What the task requires: In the data that follows, every line containing the word "After" should be returned.

Stored items:
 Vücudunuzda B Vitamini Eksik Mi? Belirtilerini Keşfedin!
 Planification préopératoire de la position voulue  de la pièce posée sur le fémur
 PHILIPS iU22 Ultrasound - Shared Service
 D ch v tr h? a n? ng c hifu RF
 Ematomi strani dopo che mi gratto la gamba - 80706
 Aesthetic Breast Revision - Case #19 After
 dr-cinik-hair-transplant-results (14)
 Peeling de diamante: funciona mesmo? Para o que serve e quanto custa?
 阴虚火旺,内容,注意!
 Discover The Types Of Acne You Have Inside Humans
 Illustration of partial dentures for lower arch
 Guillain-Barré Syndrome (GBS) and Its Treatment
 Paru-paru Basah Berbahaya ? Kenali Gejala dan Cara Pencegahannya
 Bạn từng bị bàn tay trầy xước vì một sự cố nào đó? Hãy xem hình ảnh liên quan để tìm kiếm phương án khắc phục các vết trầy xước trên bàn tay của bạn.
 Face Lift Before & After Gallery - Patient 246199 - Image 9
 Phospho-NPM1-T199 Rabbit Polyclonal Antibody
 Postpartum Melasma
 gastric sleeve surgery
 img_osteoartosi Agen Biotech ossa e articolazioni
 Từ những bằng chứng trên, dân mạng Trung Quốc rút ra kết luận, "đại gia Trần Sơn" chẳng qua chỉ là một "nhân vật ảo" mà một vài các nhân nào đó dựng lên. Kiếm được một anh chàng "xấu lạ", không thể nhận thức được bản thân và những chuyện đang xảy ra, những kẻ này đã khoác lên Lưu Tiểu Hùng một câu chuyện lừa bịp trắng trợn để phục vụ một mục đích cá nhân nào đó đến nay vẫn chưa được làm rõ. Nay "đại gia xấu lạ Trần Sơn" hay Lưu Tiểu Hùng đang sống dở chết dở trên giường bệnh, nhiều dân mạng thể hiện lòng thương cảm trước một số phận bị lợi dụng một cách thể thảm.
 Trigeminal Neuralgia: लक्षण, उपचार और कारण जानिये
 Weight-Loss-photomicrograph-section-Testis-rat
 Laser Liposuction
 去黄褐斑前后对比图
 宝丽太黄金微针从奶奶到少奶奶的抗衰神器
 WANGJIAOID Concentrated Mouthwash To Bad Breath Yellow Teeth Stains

The completed task:
 Aesthetic Breast Revision - Case #19 After
 Face Lift Before & After Gallery - Patient 246199 - Image 9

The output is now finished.